We are so excited, so if you fill like God is calling you to go to the informational meeting, fill out a connection card or email Pastor Chris, and let him know you’re coming. Right now, let’s pray and commit this to the Lord. I didn’t tell you when the launch date is did I? February! We are going to have to get jiggy with it! I don’t think that’s in the Bible, but we have to get busy. We have to believe that God is going in front of us preparing the way, we are just stepping into his sovereign plan for National Community Church and for our lives.

Lord, thank You for the way that You are working and moving and for the things that You are doing. God I pray that You would continue to guide us as a congregation, guide us individually into your plan and your purpose. God we believe that You want us to be part of your kingdom advancing in Kingstowne and Lord we pray even now for your favor, we pray for wisdom. Lord we pray for those that You would call would be sensitive to the voice of your Spirit and respond to that, and Lord ultimately our pray is that many people would come to faith in Christ because we are not going to sit back, we are not going to look back, we are going to continue moving forward into the vision that You have for us. God we commit this to You, may your kingdom come, may your will be done on earth as it is in heaven. Everyone said Amen.

It is a joy this weekend for me to welcome a friend and a mentor to me. It wasn’t all that long ago that NCC was a core group of about 19 people meeting at a DC public school and I wonder if it weren’t for Dick and Ruth and Dick’s role in my life if I’d even still be here. What a voice of wisdom and encouragement in my life. As you know, if you’ve been a part of NCC for any length of time, any time we have an opportunity for Dick to share, we’ve done that.

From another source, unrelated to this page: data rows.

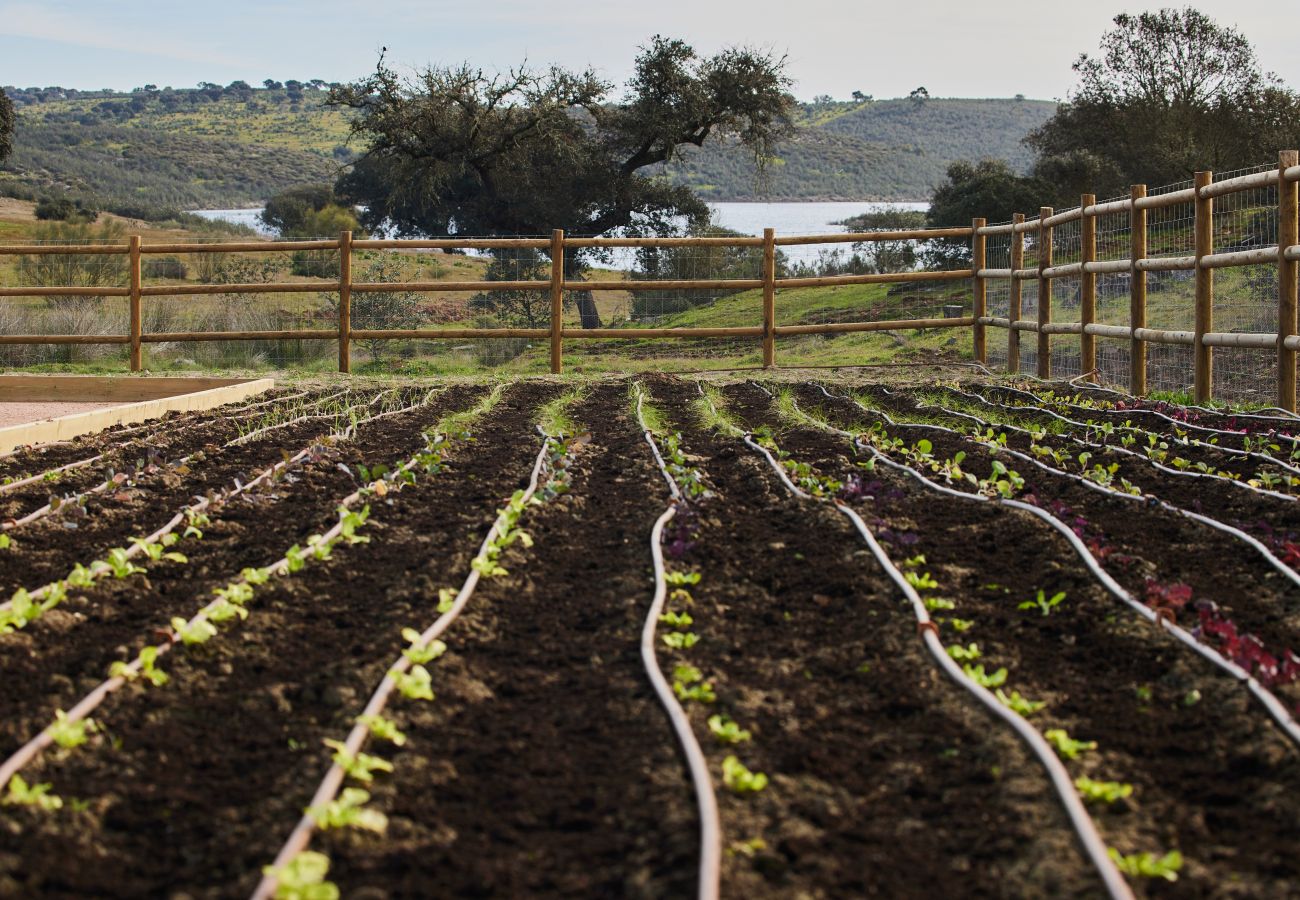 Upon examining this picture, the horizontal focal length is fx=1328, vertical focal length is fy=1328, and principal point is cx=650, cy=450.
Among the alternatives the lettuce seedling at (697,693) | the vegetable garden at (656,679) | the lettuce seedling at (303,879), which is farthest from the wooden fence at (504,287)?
the lettuce seedling at (303,879)

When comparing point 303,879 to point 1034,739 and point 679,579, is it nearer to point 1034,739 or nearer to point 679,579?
point 1034,739

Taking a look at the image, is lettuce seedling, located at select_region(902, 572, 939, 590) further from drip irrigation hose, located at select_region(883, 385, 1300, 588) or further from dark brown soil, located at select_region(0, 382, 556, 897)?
dark brown soil, located at select_region(0, 382, 556, 897)

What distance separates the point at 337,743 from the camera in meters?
2.65

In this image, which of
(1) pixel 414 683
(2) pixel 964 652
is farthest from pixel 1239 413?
(1) pixel 414 683

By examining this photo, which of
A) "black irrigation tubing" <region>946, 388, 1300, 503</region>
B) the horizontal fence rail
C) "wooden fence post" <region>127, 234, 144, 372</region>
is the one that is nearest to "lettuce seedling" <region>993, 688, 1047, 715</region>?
"black irrigation tubing" <region>946, 388, 1300, 503</region>

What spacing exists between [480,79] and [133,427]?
53.0 ft

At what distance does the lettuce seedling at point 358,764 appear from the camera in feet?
8.52

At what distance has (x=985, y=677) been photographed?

Even though Dick and Ruth a few months ago moved to Colorado, we still find ways to get them back to DC, so when I knew Dick was coming back, I asked him to share with us. This is his first time back since leaving so let’s give it up for Dick.

Dick Foth

My goodness, good evening. Colorado is very different than Washington D.C. I feel like we are in the right place in being there. We are with a wonderful growing group of new friends and closer to grandchildren and all those things that old types look for. But I knew I was in a different place a few weeks ago when I pulled up behind a battered Nissan pickup. Fort Collins is the home of Colorado State University, about 27,000 folks, and I pulled up behind a college student and the truck had two stickers in the back window. One of them said: Sarcasm is a free service I offer. The other said: This vehicle brakes for wee people, leprechauns, fairies, elves, unicorns and other creatures only I can see. I knew that I was not in Washington D.C. anymore because we would never brake for those things in Washington D.C.

Election season is over. It was wearing; I gotta tell you that I got so tired of it. But it was interesting, what a story. Multiple stories. I want to talk to you tonight about stories and self. I don’t particularly like this theme because it is much too self-oriented, much too close to home. I’d rather talk on something that doesn’t touch me very closely, but I love stories. I love reading stories, I love hearing stories, I love seeing stories, I love telling stories, I even like making up stories. I mean, think of the cast in this, you’ve got three Senators and a Governor, you’ve got an African-American man, a woman in the story, you’ve got relatively older and relatively younger, and you’ve got people from Hawaii and Alaska and Pennsylvania and Delaware and Virginia, and you’ve got spouses who are Harvard lawyers and millionaires and guys who race snow machines across Alaska, what a story! Multiple stories! Only in America! It is interesting when we think about America and the dream of America, it is rooted in an idea, and I’m not going to do a talk on nationalism or anything like that but I have been thinking about this a lot.

I have an office in my house and I look out each morning at the Rocky Mountains. I’ve told people, I used to give people a tour of the monuments, now I give tours of the monumentals. This idea of America is based in liberty and freedom, and when sociologists have studied that over the years, they find out it is a particular kind of freedom. Many of you know the name Alexis de Tocqueville he came in the 1830s, social philosopher, he came to study prisoner reform and ended up studying us, what makes American American and he came up with four things. He said there are four streams that people are rooted in.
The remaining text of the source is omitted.